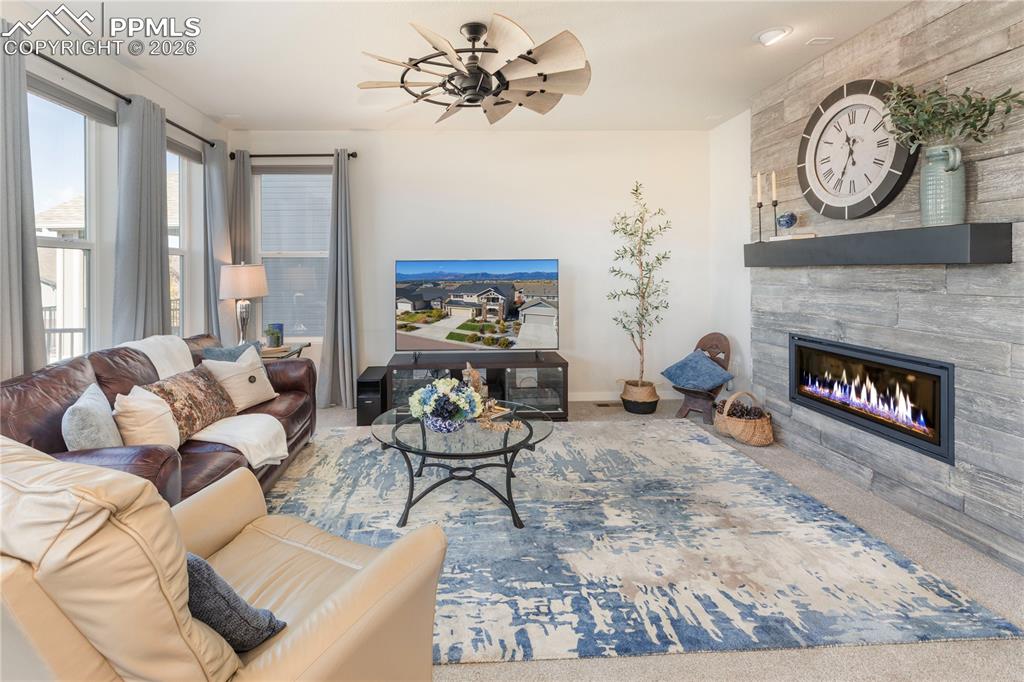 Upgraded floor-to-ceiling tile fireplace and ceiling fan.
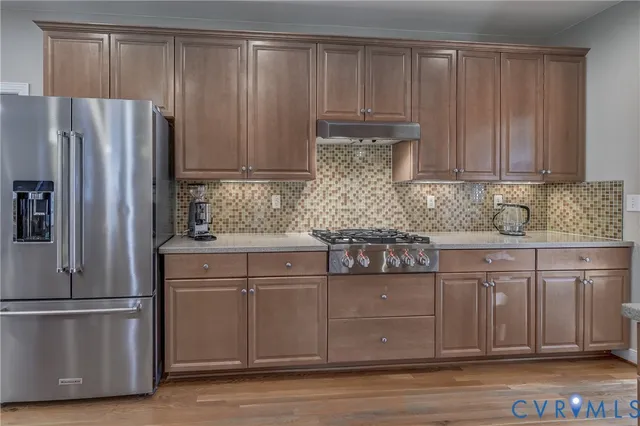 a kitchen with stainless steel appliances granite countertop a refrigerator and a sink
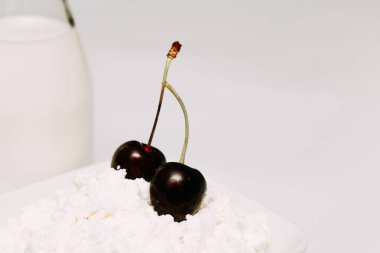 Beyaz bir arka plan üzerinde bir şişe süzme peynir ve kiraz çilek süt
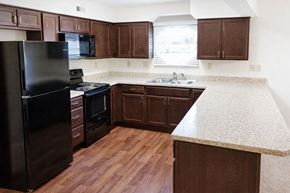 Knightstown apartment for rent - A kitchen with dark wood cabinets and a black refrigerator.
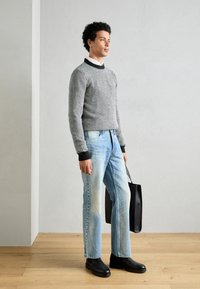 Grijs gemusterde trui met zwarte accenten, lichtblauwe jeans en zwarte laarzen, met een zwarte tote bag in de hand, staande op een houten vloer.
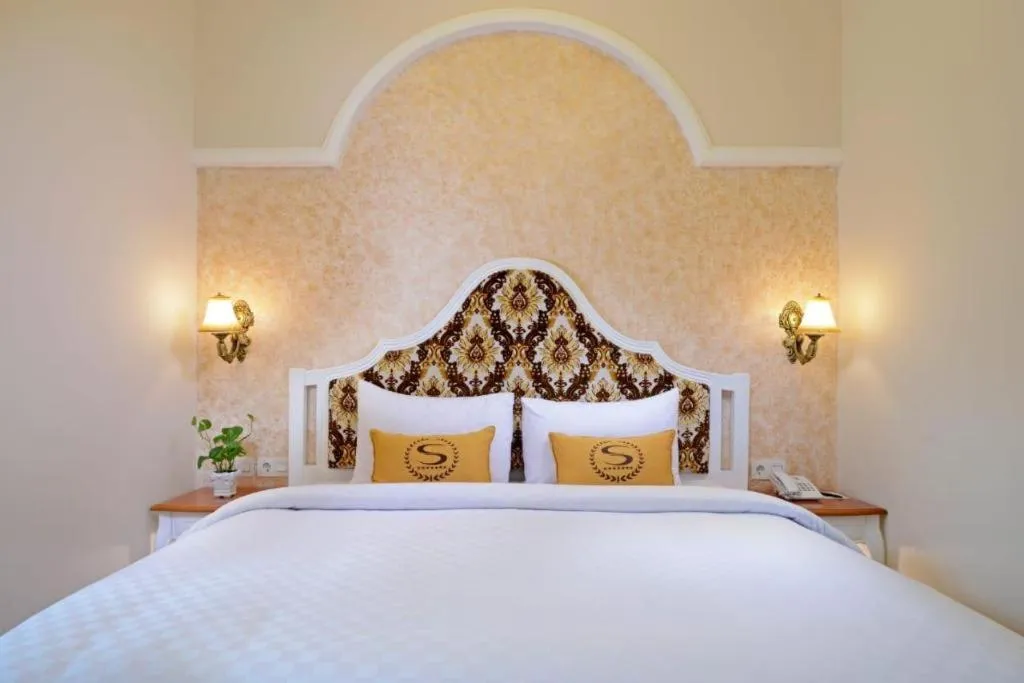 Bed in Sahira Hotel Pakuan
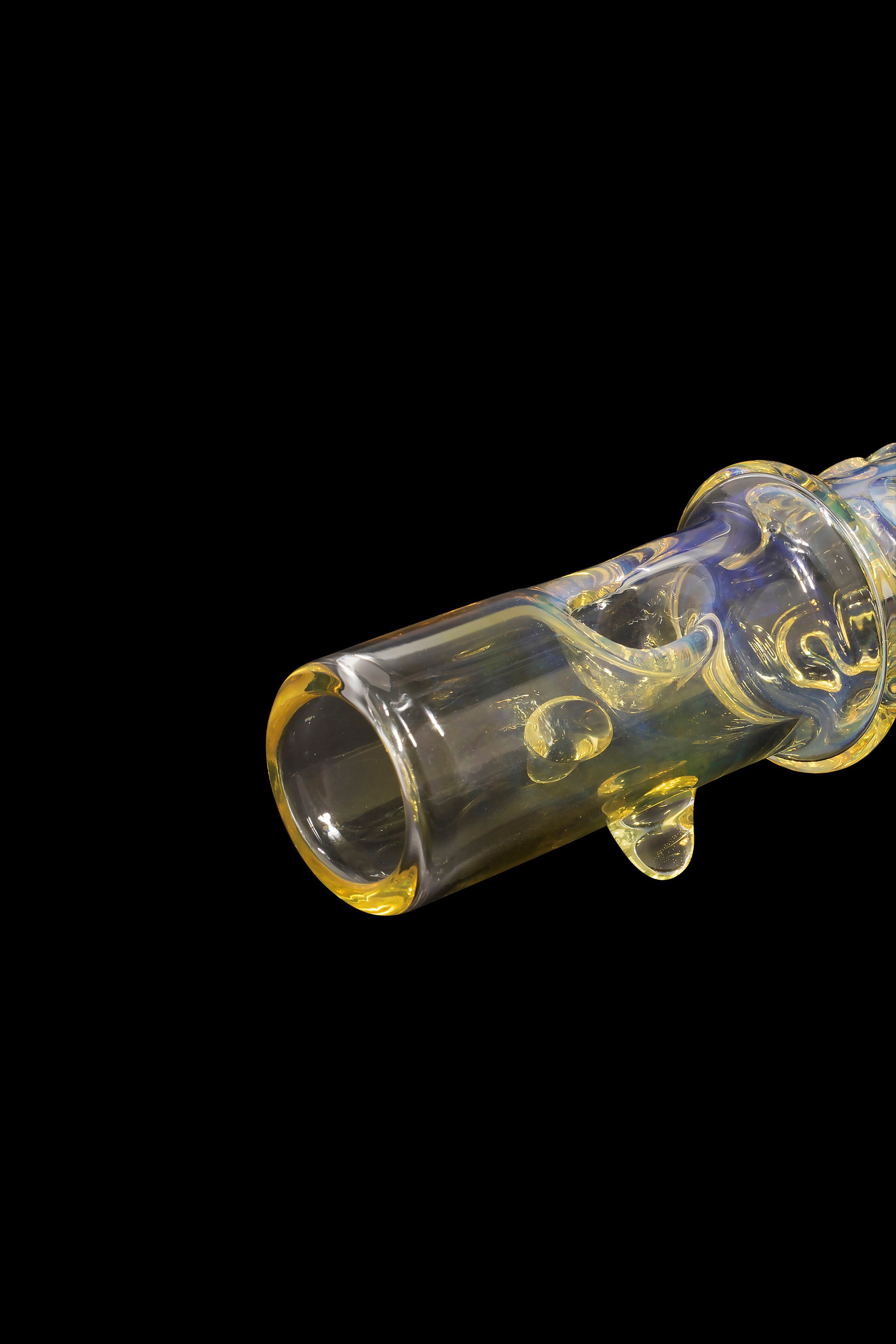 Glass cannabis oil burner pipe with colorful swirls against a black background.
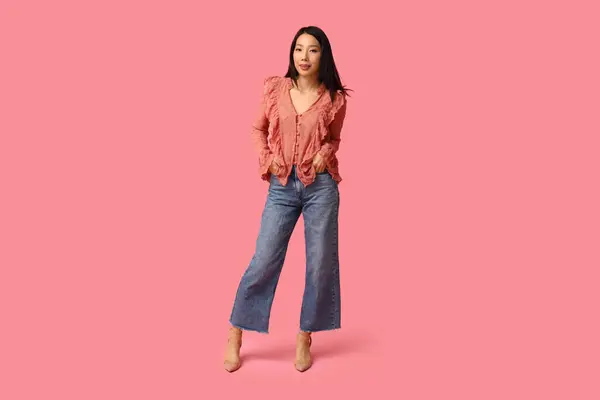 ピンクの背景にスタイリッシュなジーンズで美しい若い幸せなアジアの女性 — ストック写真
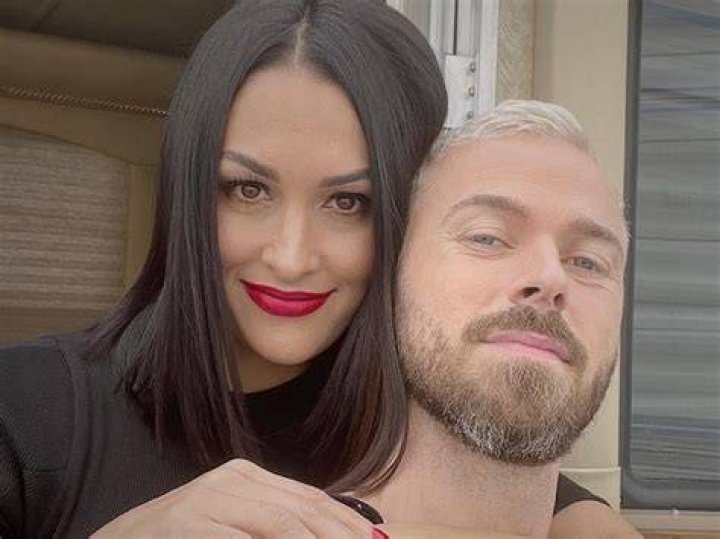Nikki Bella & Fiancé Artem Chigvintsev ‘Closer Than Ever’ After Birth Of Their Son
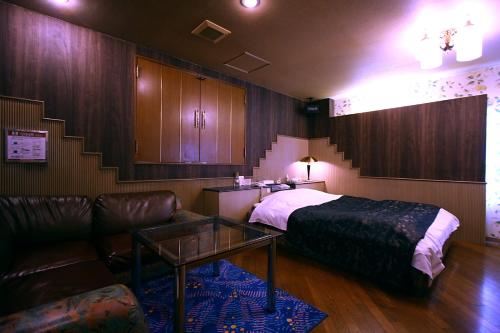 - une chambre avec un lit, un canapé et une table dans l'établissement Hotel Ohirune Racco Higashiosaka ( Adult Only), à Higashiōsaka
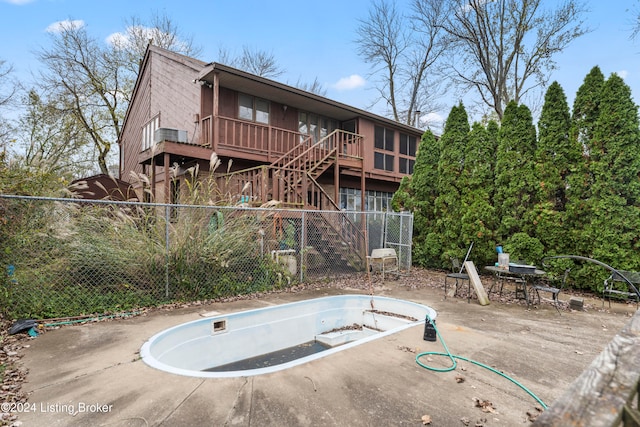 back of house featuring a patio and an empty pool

Brief:
Leaving the images out, return every record exactly.

Completed exercise:
 Upgraded floor-to-ceiling tile fireplace and ceiling fan.
 a kitchen with stainless steel appliances granite countertop a refrigerator and a sink
 Beyaz bir arka plan üzerinde bir şişe süzme peynir ve kiraz çilek süt
 Knightstown apartment for rent - A kitchen with dark wood cabinets and a black refrigerator.
 Grijs gemusterde trui met zwarte accenten, lichtblauwe jeans en zwarte laarzen, met een zwarte tote bag in de hand, staande op een houten vloer.
 Bed in Sahira Hotel Pakuan
 Glass cannabis oil burner pipe with colorful swirls against a black background.
 ピンクの背景にスタイリッシュなジーンズで美しい若い幸せなアジアの女性 — ストック写真
Nikki Bella & Fiancé Artem Chigvintsev ‘Closer Than Ever’ After Birth Of Their Son
 - une chambre avec un lit, un canapé et une table dans l'établissement Hotel Ohirune Racco Higashiosaka ( Adult Only), à Higashiōsaka
 back of house featuring a patio and an empty pool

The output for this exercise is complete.